Your car’s brakes are one of the most important systems, yet brake parts wear out regularly. As part of seasonal auto maintenance, learn simple ways to inspect your auto brake system for worn parts and troubleshoot any problems so you can stay safe on the road.
Troubleshooting Auto Brake Issues
When brakes are in good condition, they operate well without making noises, like squealing. You can stop easily without needing to press the brake pedal to the floor.
If your brakes make a grinding noise when you press the pedal, they are seriously worn. In this case, skip the troubleshooting and head straight to the auto repair shop.
When your brakes feel spongy or soft, or when you hear other noises while braking, troubleshoot the issue.
First, check your car’s brake fluid container. Low levels of brake fluid can cause braking problems. By topping off the fluid levels, you may be able to fix the problem.
If things still aren’t right, try a test drive. As you drive down the street, pump the brake pedal a couple of times. This may fix the issue.

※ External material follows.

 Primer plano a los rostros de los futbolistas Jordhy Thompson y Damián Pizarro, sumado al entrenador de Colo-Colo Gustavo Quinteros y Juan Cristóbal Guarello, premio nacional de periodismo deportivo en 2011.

If pumping the brake pedal doesn’t resolve it, drive down the block and come to a full stop. Pay attention to how long it takes the car to stop. Listen for brake noises and watch for a vibrating steering wheel or a drift when you brake. Once you can describe the symptoms, take your car to the mechanic, let them know what you’ve been experiencing, and get it fixed by a professional.
Replacing Brake Pads
If you can change your tires, you can replace your brake pads.

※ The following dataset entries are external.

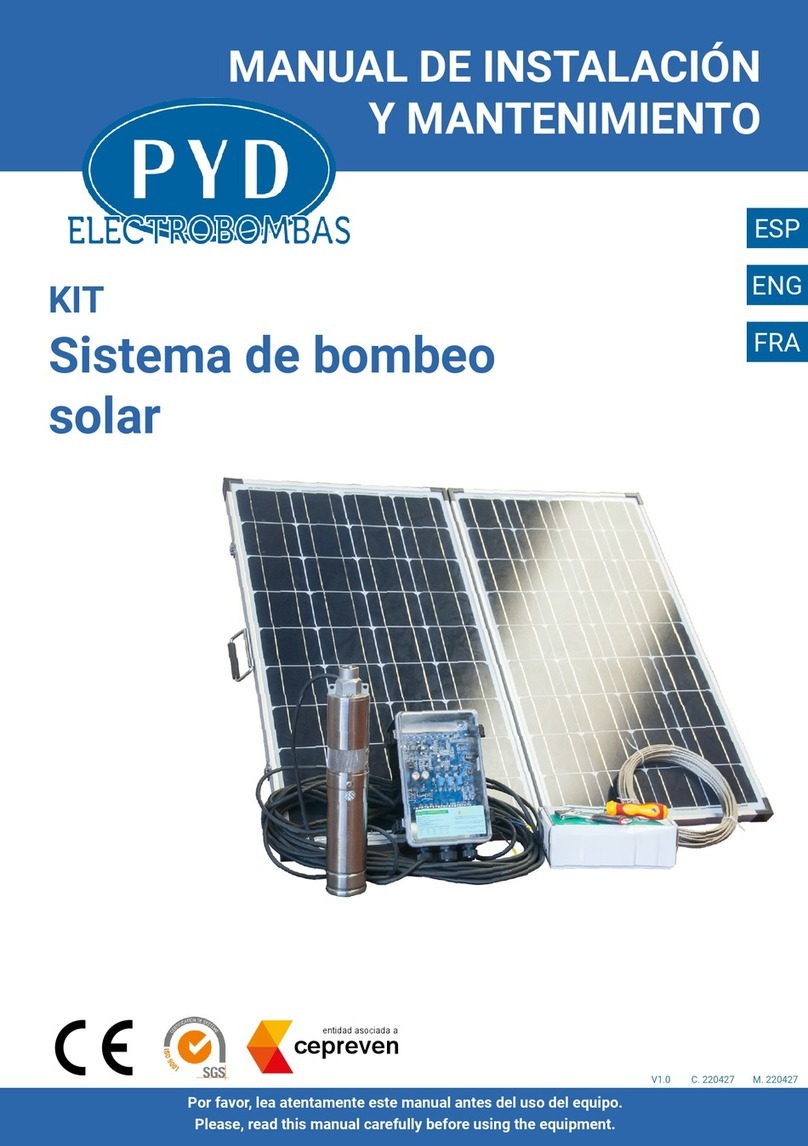 PYD Electrobombas SOLAR PUMPING KIT Operating and maintenance manual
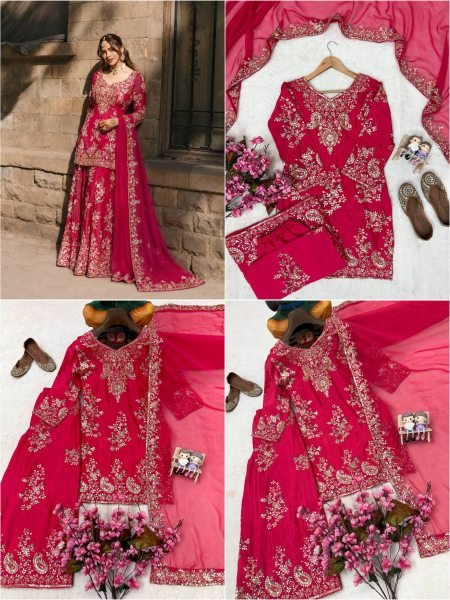 Tailored Rani Pink Designer Chinon Kurti with Embroidered Palazzo & Georgette Dupatta Ready To Wear Collection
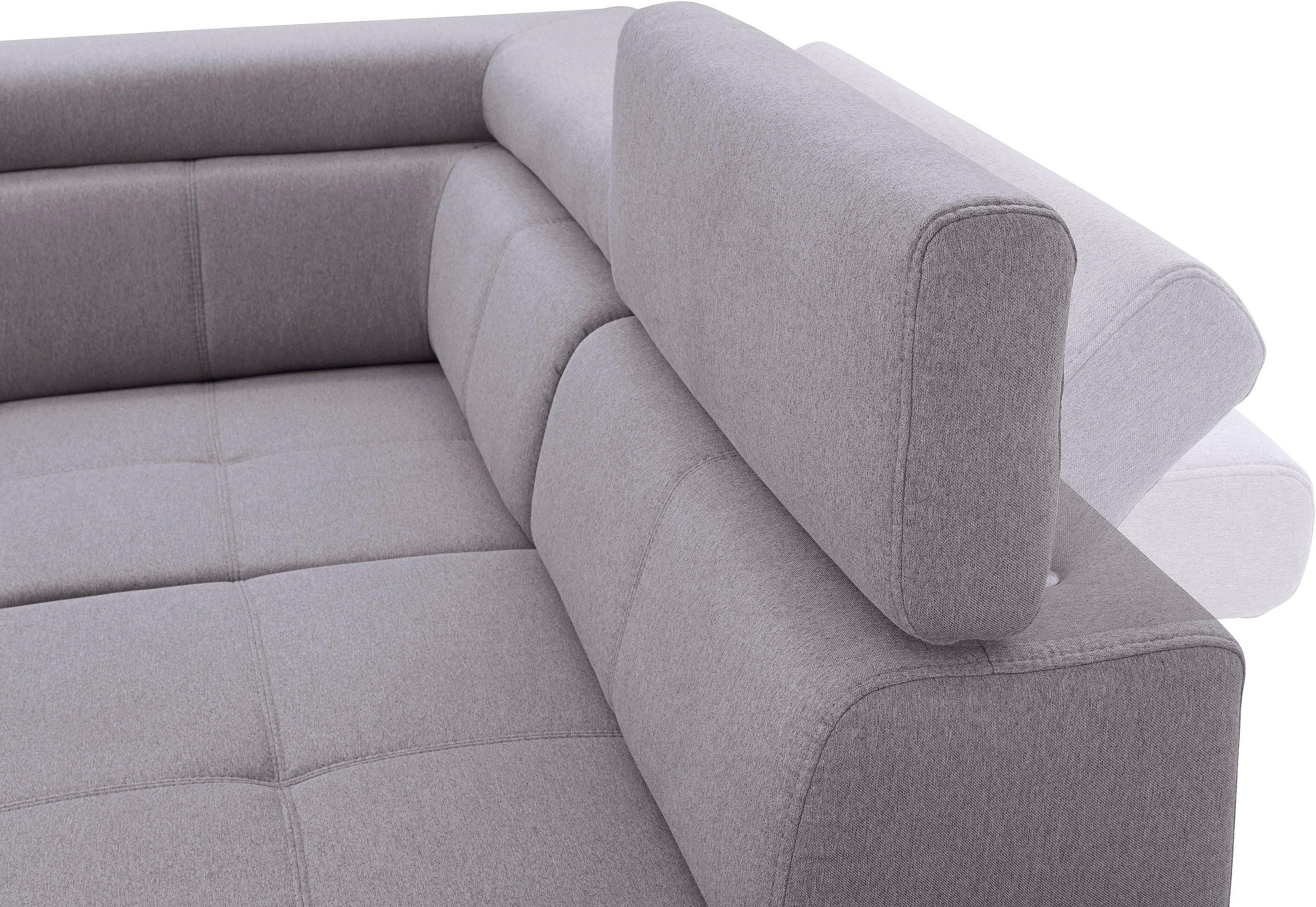 exxpo - sofa fashion Ecksofa »Fiji, L-Form«, mit Kopf- bzw. Rückenverstellung, wahlweise mit Bettfunktion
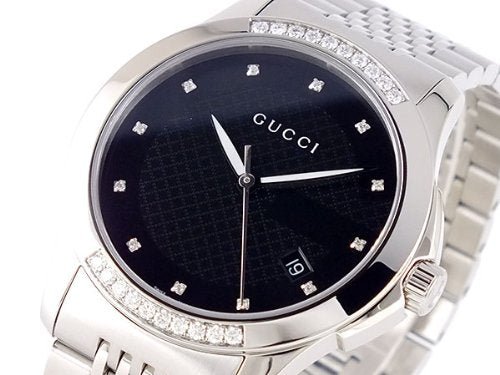 Gucci G Timeless Diamonds Black Dial Silver Steel Strap Watch For Women - YA126408 Buy Now By Gucci
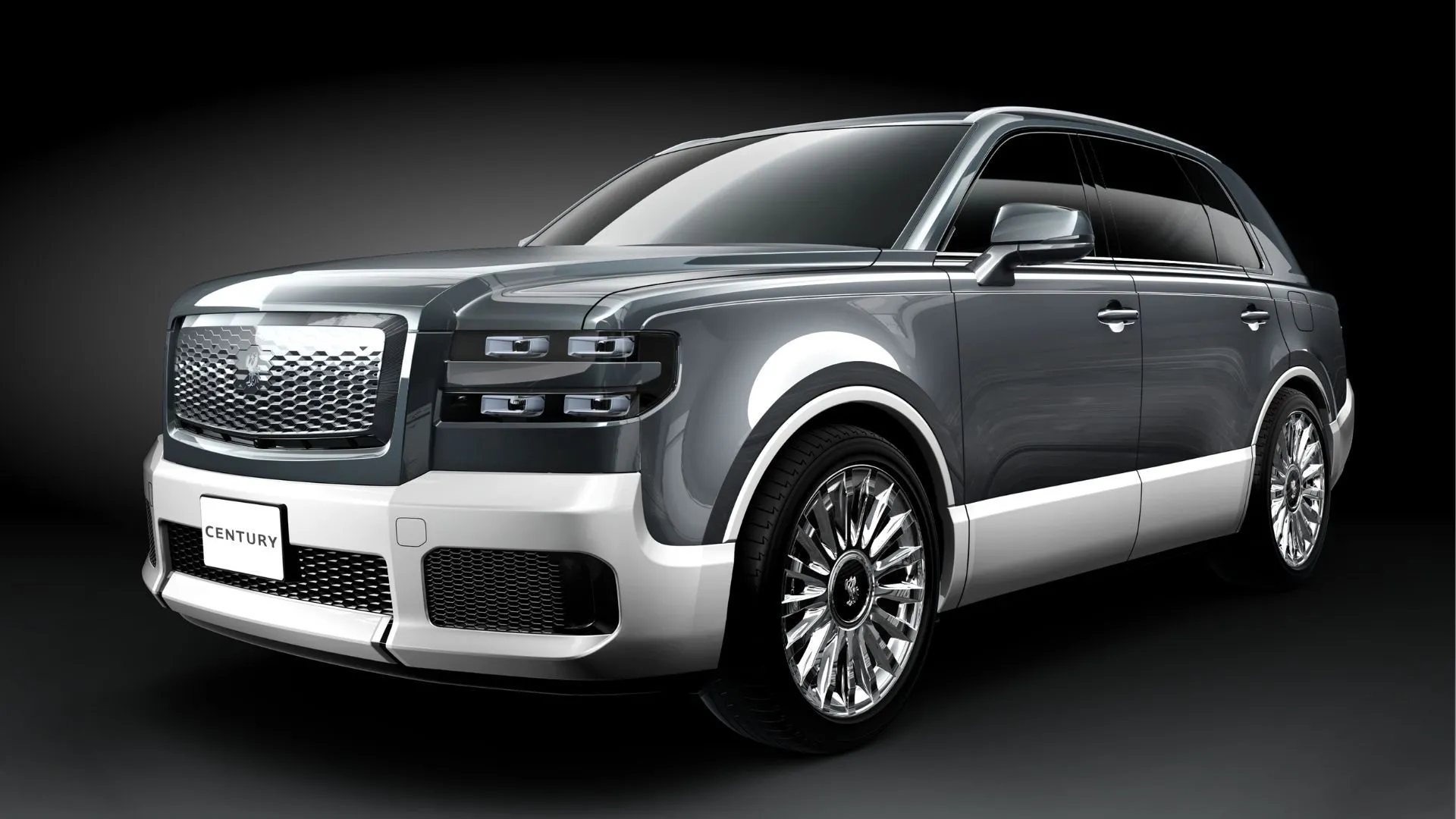 Toyota Century SUV màu xám với phông nền đen trong studio, biểu tượng SUV hạng sang độc quyền của Toyota.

Pick up brake pads that fit your vehicle’s make and model from your local auto parts shop. Using your jack, jack up the car, remove tire lug nuts using the tire iron, and pull off the wheel. This exposes the brake caliper. Take the bolt out of the brake caliper and push up on the caliper to expose the brake pad, which is held in place with retaining clips. Pull off the retaining clips, then pull off the brake pad.

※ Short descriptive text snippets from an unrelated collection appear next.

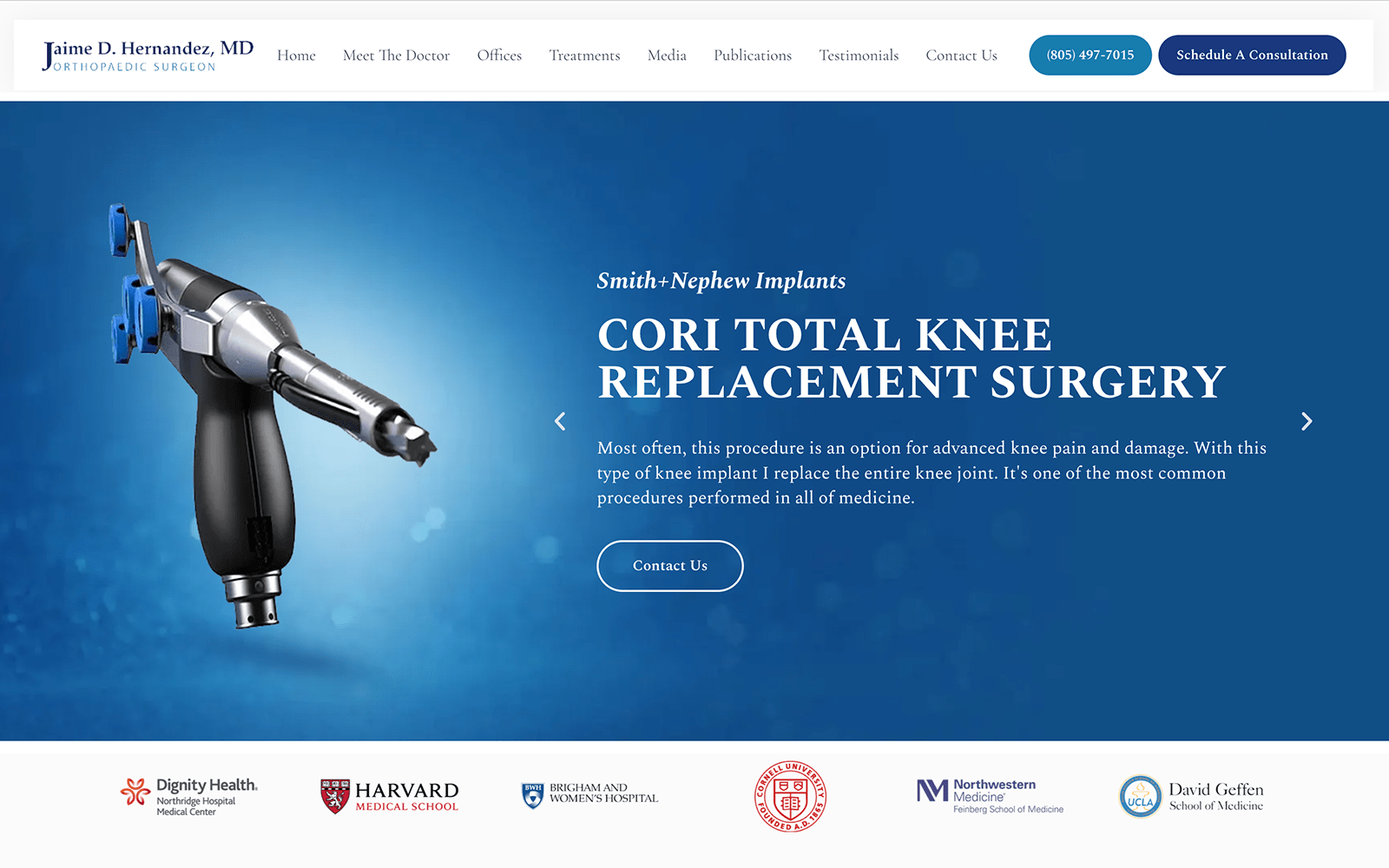 Orthopedic Surgeon Website Screenshot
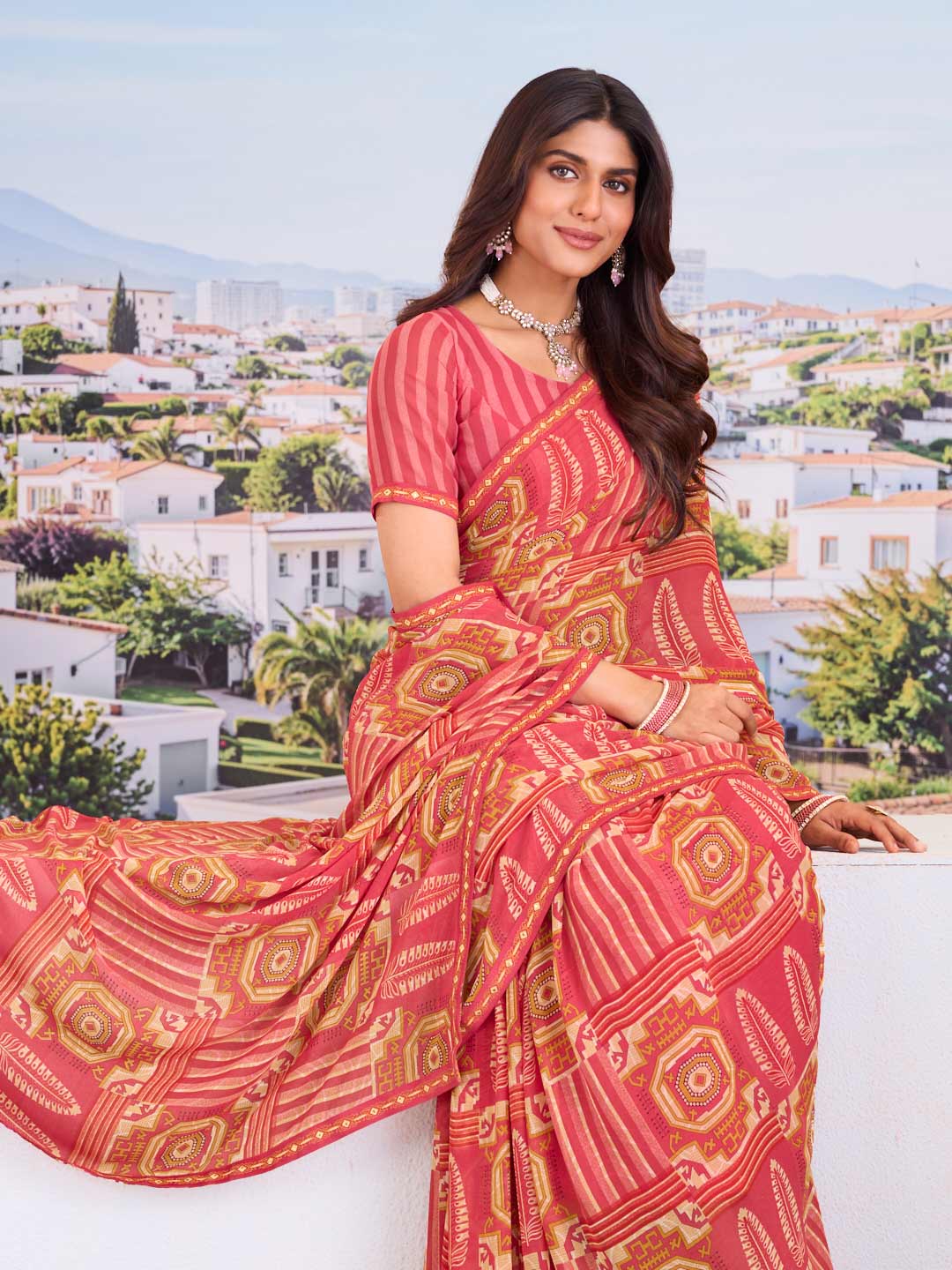 Lightweight pink saree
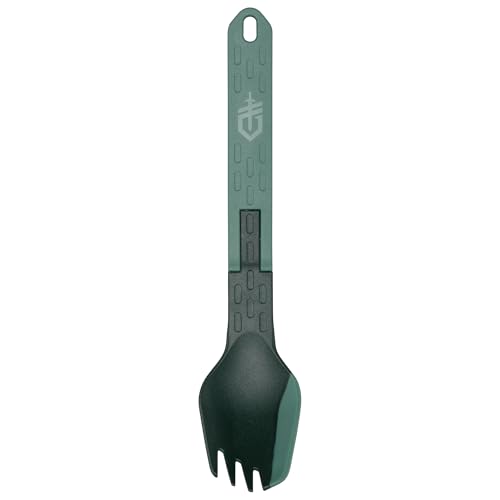 Gerber ComplEAT Ultralight Folding Fork Camping Essentials Camping/Hiking Portable Utensil Silicone Scraper and Kickstand Textured Grip Lanyard Hole for Easy Access 4.3 Closed Baltic Haze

Push the new brake pad into place, then press the retaining clips in place. They will snap when they are in place. Use the tube of grease included in your brake pad kit to grease the brake pad clips, which prevents squeaks.
Before you can fit the brake caliper over the brake pads, you’ve got to push the brake pistons back in place, so they clear the brake pads. Use a hard object, like a piece of scrap wood, to push the pistons past the brake pads, then attach the brake caliper and bolt. With everything back in place, you can reattach the wheel.
With these tips, you can keep your car’s brakes in good condition, respond to any problems, and avoid the danger that comes with driving with bad brakes.